WHAT THE TASK ASKS - After finding the line that holds "Jual Rumah Strategis" below, set down that line and the rest through the final one exactly, leaving the pictures out.
===== SUPPLIED RECORDS
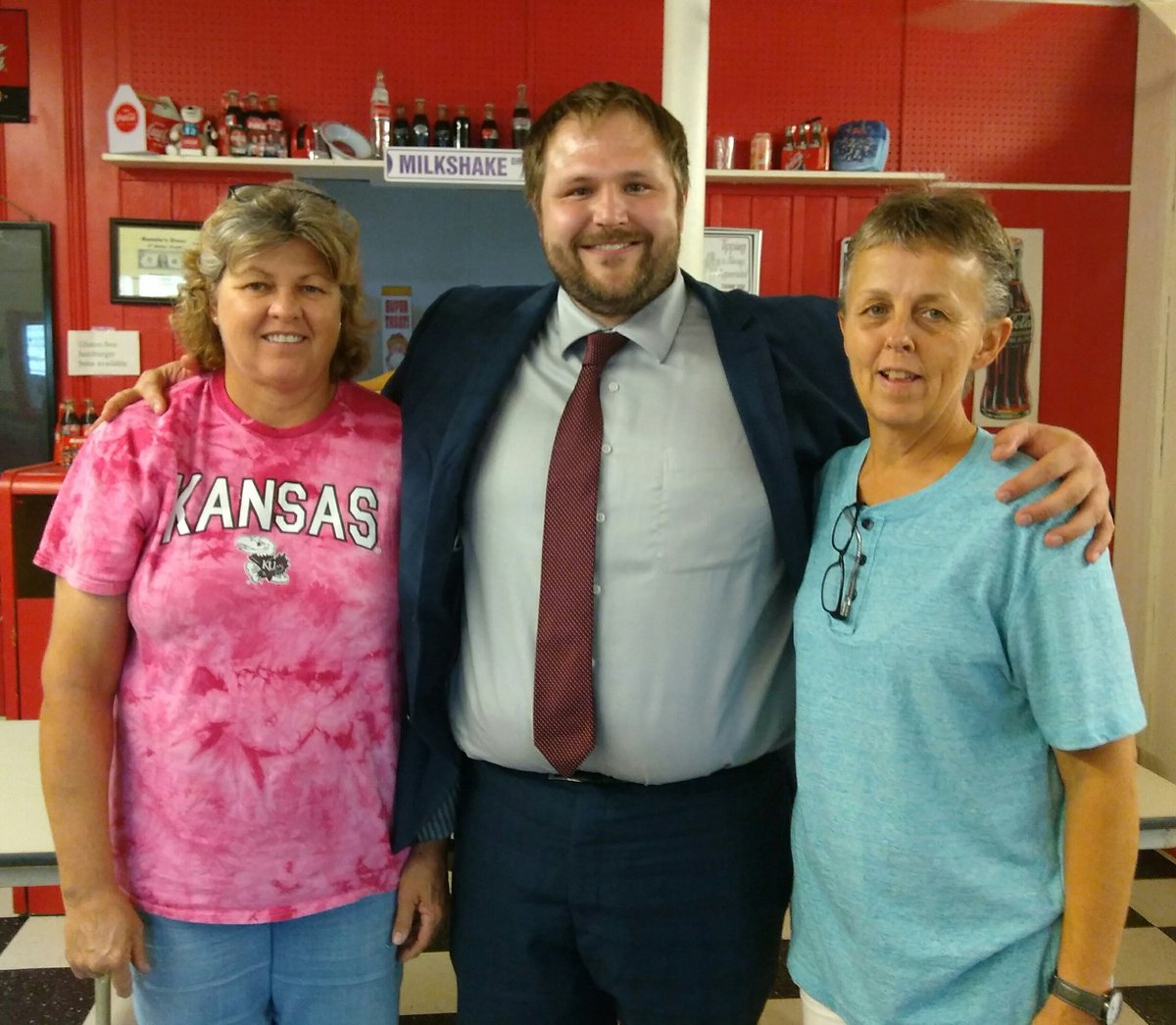 ProjectCaldwell's tweet photo. Jeff Caldwell did a phenomenal job of connecting with the people of Lincoln, Kansas yesterday at Ronnie's Diner! Glad to have a candidate that will take time to consider the small communities! #ksleg #TaxCuts #LegalizeKS @CaldwellforKS https://t.co/9EIQYMFCwr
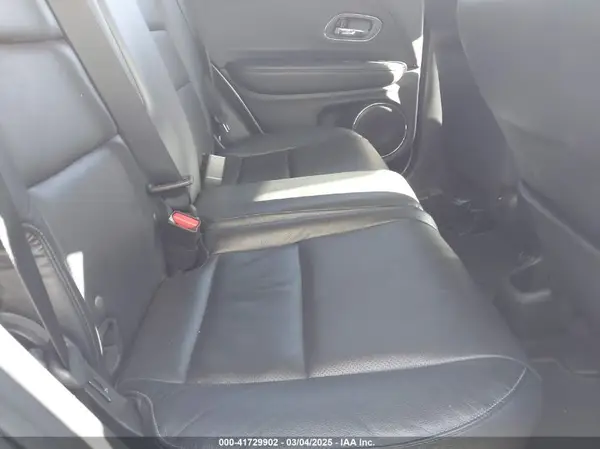 3CZRU5H7XKM708020 2019 HONDA HR-V - Image 8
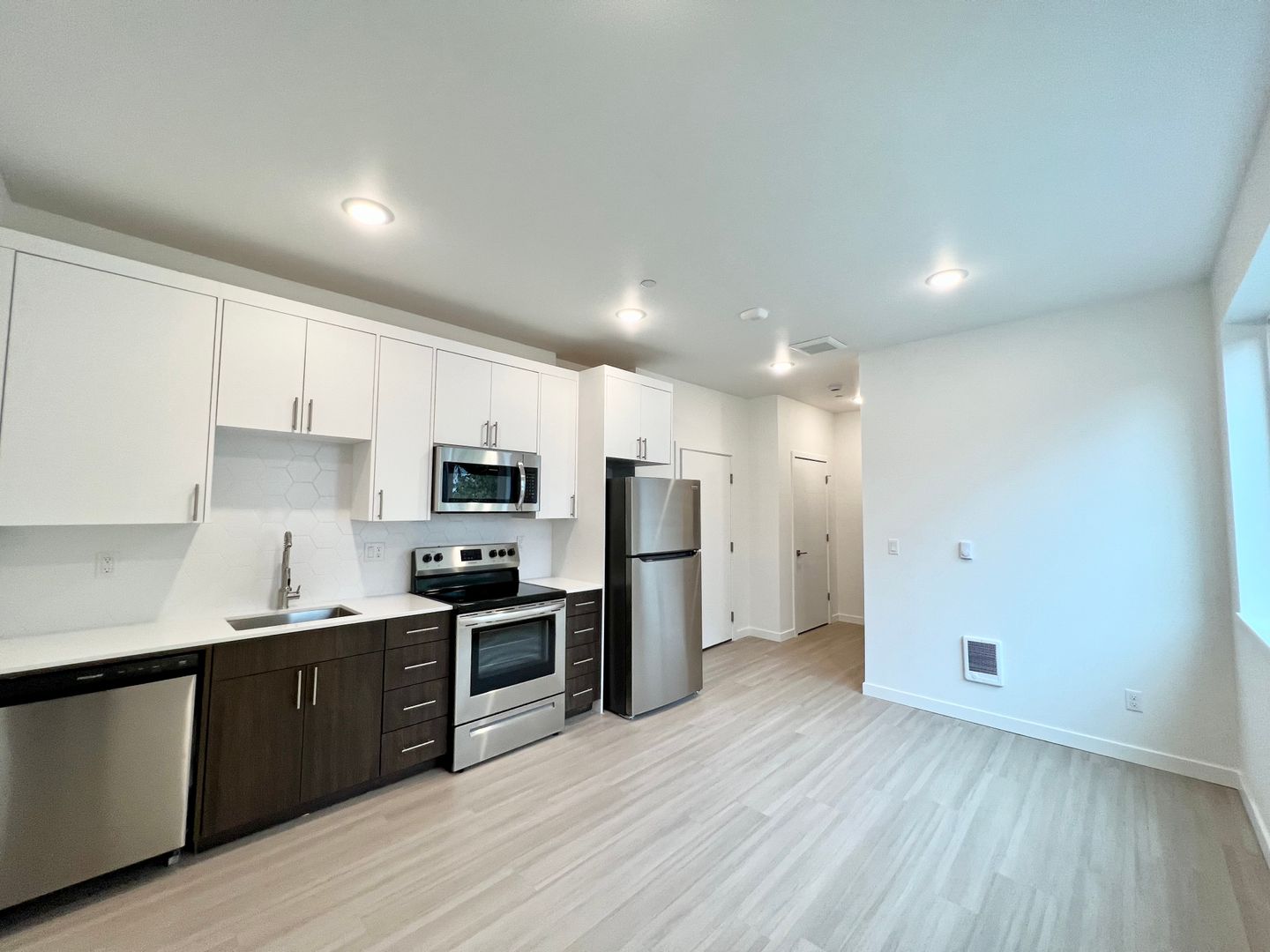 Portland Apartment: 1535 N. Alberta St.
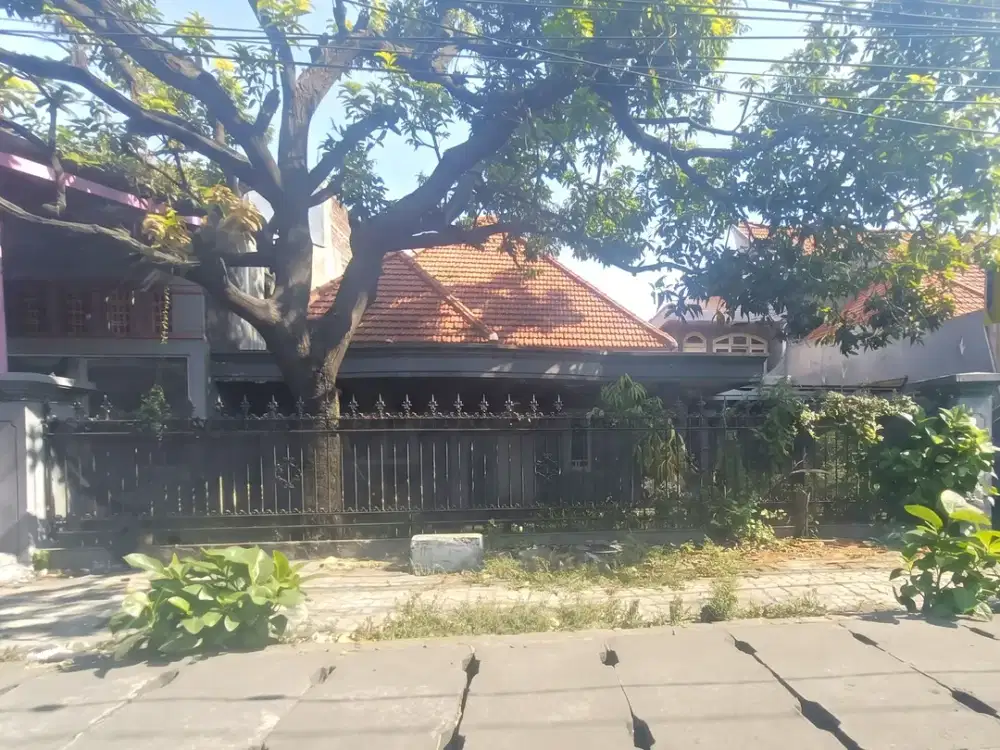 Jual Rumah Strategis Nol Jalan Raya di Surabaya Perak Timur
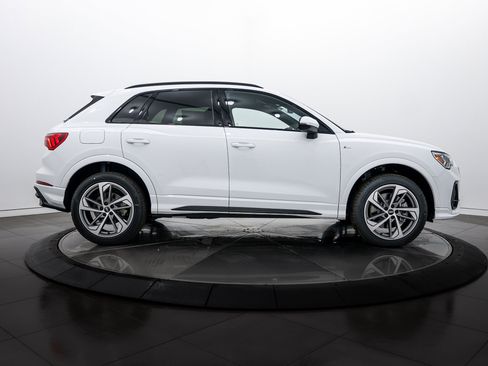 New 2025 Audi Q3 2.0T Premium image 3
==========
FINISHED EXERCISE -
 Jual Rumah Strategis Nol Jalan Raya di Surabaya Perak Timur
 New 2025 Audi Q3 2.0T Premium image 3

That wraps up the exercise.